The news reports that a rare 400-year-old slate tablet was discovered this past summer at Jamestown, Virginia, the first permanent English settlement in America. With the help of enhanced imagery and an expert in Elizabethan script, archaeologists are beginning to unravel the meaning of the mysterious text and images etched into this tablet.
Various enhancements of the images and writing have helped researchers identify a 16th-century writing style and to discern new symbols. Researchers say the characters may be from an obscure Algonquian Indian alphabet created by an English scientist to help explorers pronounce the language spoken by the Virginia Indians.
“Just like finding the Rosetta Stone led to a better understanding of the Egyptians, this tablet is beginning to add significantly to our understanding of the earliest years at Jamestown.”

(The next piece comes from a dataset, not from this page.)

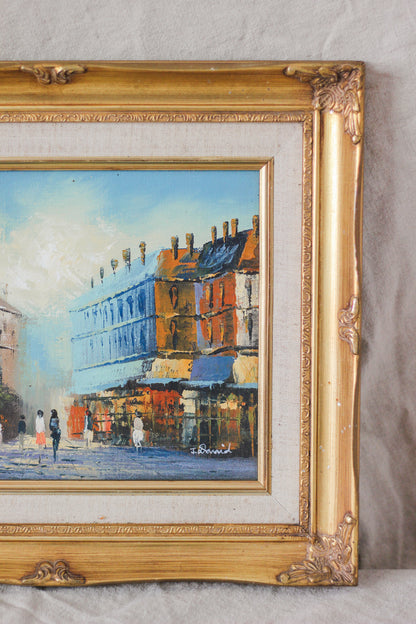 Parisian Street Scene, Oil on Canvas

To help researchers decipher the inscriptions, curators at the Smithsonian Institution’s Museum Conservation Institute recently produced enhanced images of the slate through a process known as reflectance transformation imaging.
Hundreds of high-resolution digital images were taken of the tablet using multiple angled lights to exaggerate the appearance of grooves in the slate’s surface—like watching the sun rise and set on an object.
The images on the slate are difficult to see with the naked eye, because they are the same dark gray color as the slate and they overlap.
Based on an initial examination of images, Heather Wolfe, curator of manuscripts and an expert in Elizabethan script at the Folger Shakespeare Library in Washington, D.C., thinks that much of the cursive writing on the slate appears to be written in secretary hand, the main form of cursive handwriting taught in England during the early 16th and 17th centuries.
Archaeologists discovered the slate in the center of James Fort in a well most likely built in 1609 under the direction of Capt. John Smith, a founding leader of Jamestown, which was established in 1607.